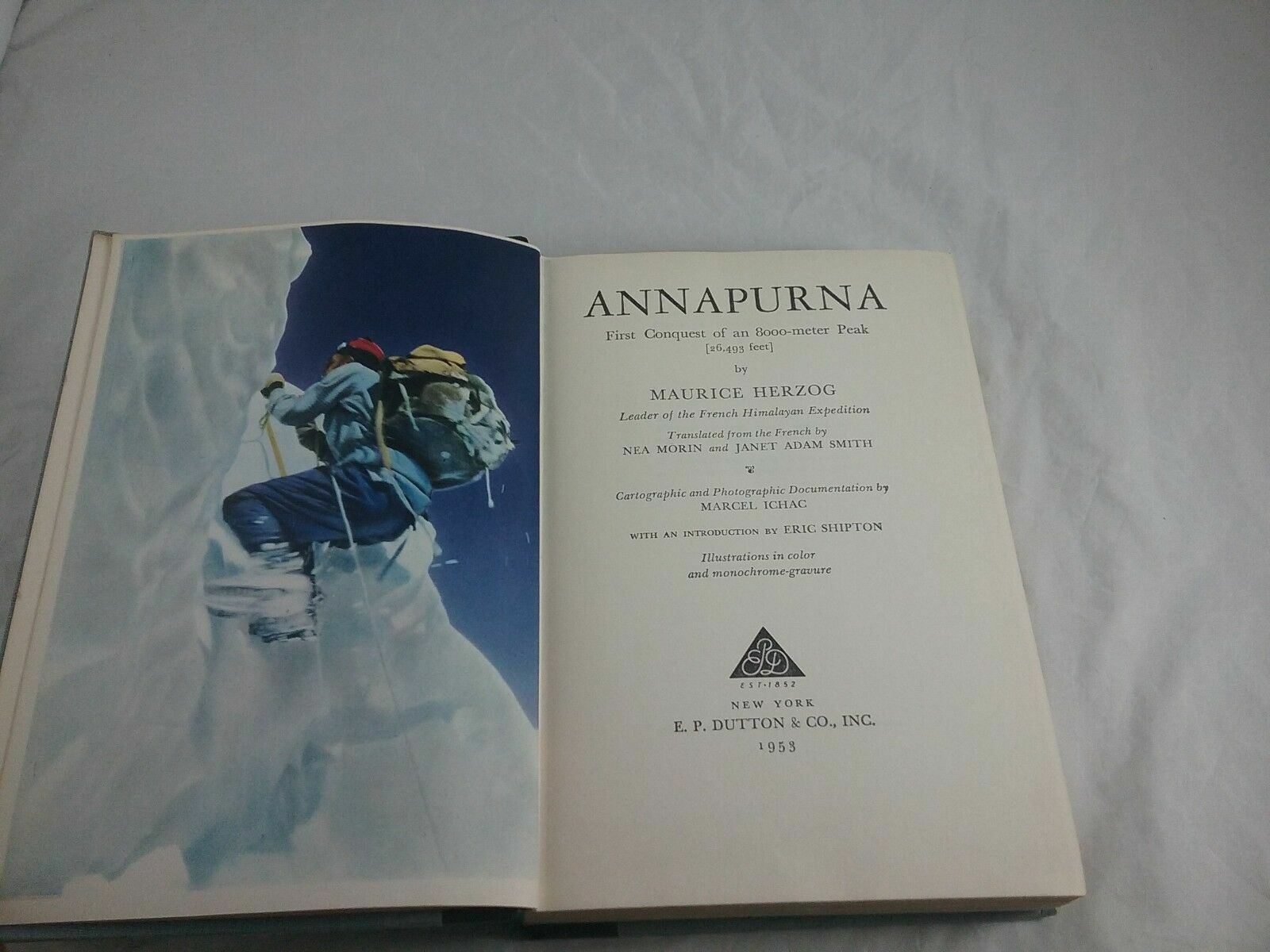 Image #5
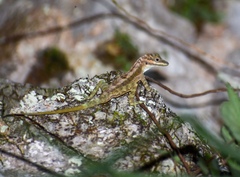 Anolis lucius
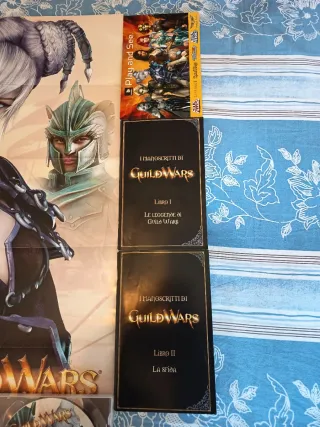 Guild Wars Collector Completo PC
+ + + +
### Task details
The data above, line by line: transcribe it exactly and drop the pictures.

### Task result
 Image #5
 Anolis lucius
 Guild Wars Collector Completo PC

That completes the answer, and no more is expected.